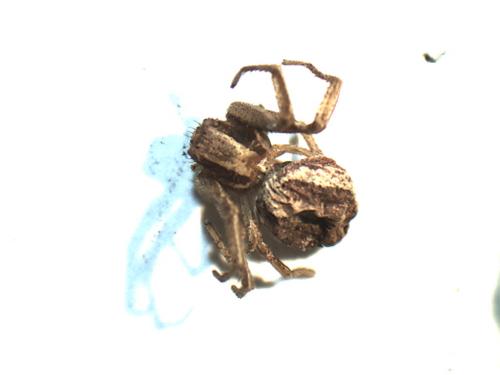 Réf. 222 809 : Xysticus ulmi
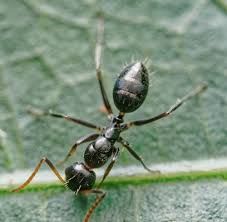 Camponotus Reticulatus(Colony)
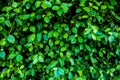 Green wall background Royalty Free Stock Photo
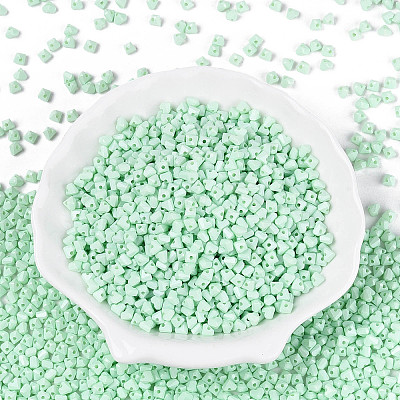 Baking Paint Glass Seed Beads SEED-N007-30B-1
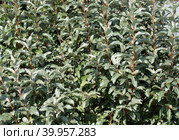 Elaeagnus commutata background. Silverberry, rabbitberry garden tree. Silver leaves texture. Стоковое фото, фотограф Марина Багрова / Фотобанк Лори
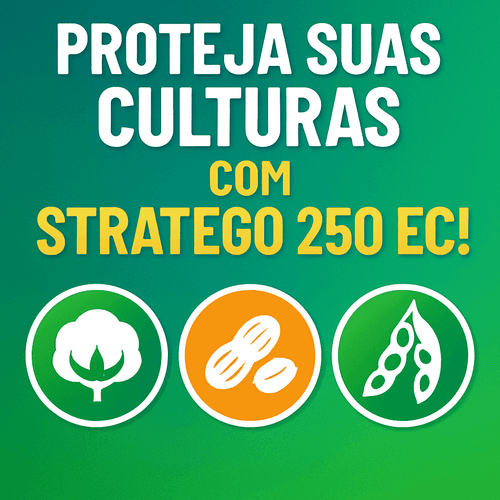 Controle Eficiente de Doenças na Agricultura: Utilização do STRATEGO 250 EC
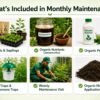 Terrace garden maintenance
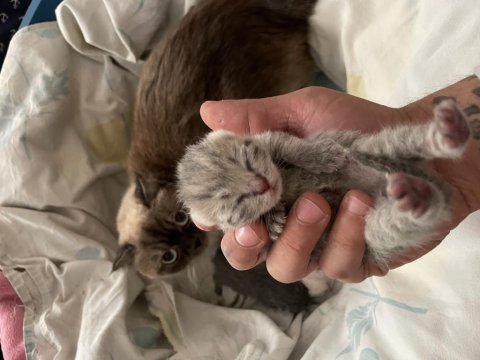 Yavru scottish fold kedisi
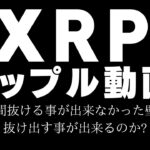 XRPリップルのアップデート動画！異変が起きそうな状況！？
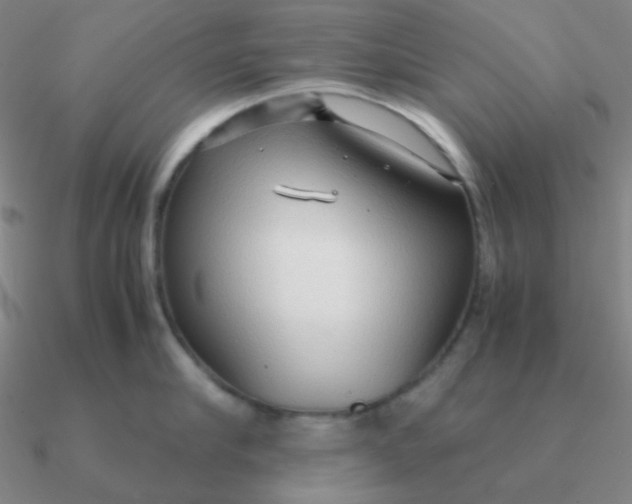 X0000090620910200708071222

———

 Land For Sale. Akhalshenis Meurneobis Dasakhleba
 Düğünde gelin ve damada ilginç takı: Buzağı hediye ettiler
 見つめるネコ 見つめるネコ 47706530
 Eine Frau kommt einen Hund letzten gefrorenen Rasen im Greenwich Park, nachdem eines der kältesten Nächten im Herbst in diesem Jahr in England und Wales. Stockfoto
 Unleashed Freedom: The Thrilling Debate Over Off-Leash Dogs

———

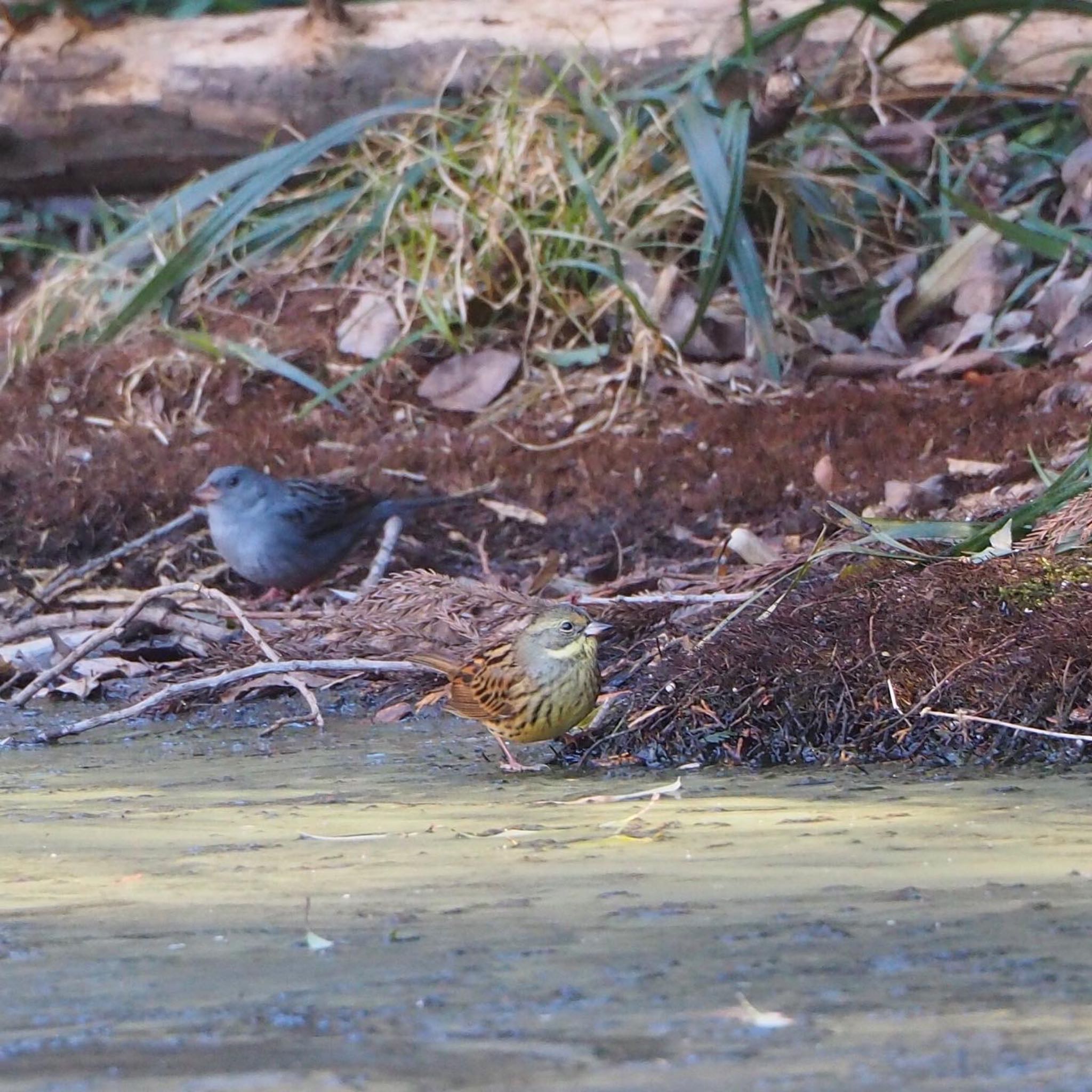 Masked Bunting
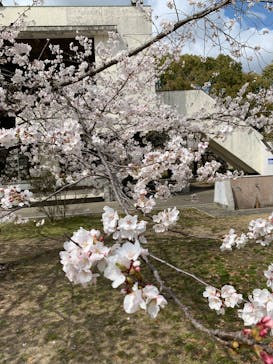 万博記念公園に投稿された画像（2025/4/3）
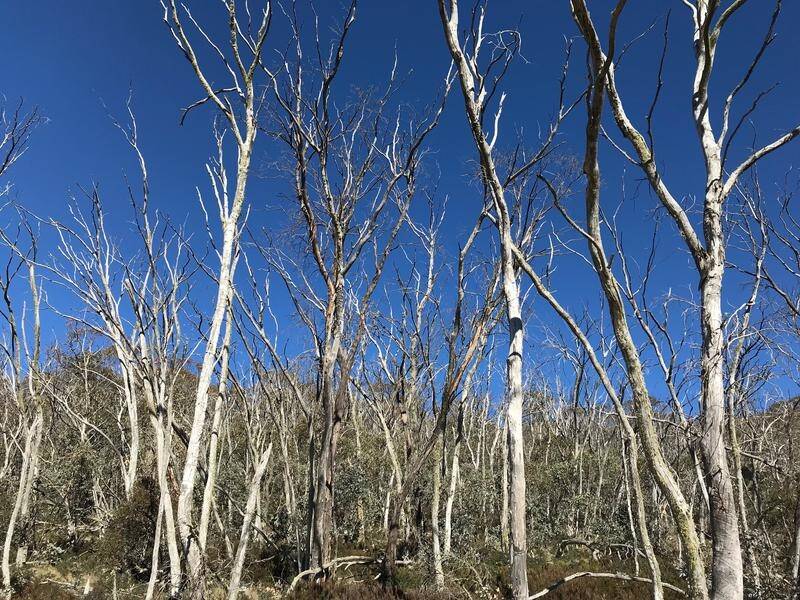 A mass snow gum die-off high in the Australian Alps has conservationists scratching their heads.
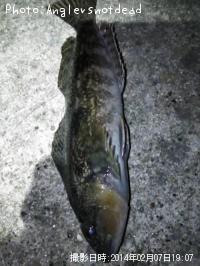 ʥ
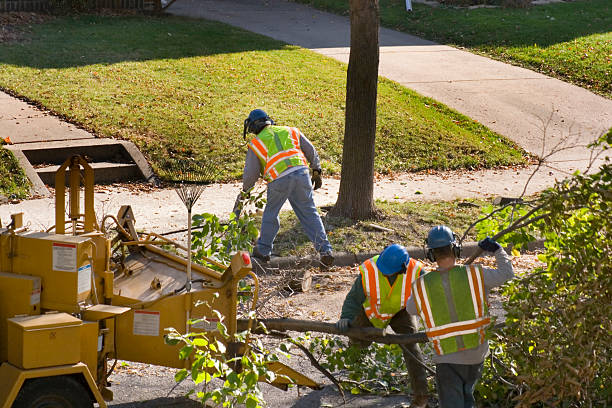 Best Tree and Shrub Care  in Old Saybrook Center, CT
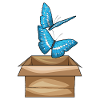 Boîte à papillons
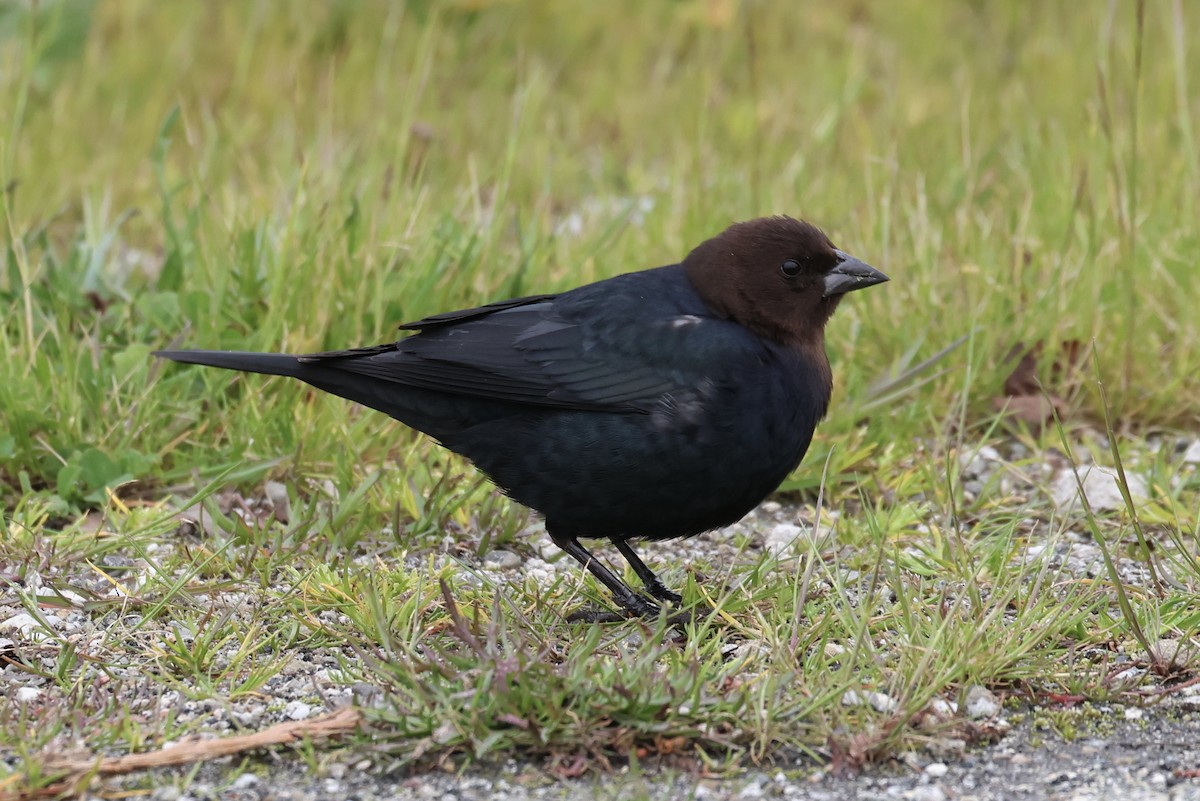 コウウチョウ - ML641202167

———

Your instructions = Word for word, restate the lines of the listing above starting at the line with "Land For Sale." and ending at the line with "Unleashed Freedom: The", and nothing outside them.

Answer below =
 Land For Sale. Akhalshenis Meurneobis Dasakhleba
 Düğünde gelin ve damada ilginç takı: Buzağı hediye ettiler
 見つめるネコ 見つめるネコ 47706530
 Eine Frau kommt einen Hund letzten gefrorenen Rasen im Greenwich Park, nachdem eines der kältesten Nächten im Herbst in diesem Jahr in England und Wales. Stockfoto
 Unleashed Freedom: The Thrilling Debate Over Off-Leash Dogs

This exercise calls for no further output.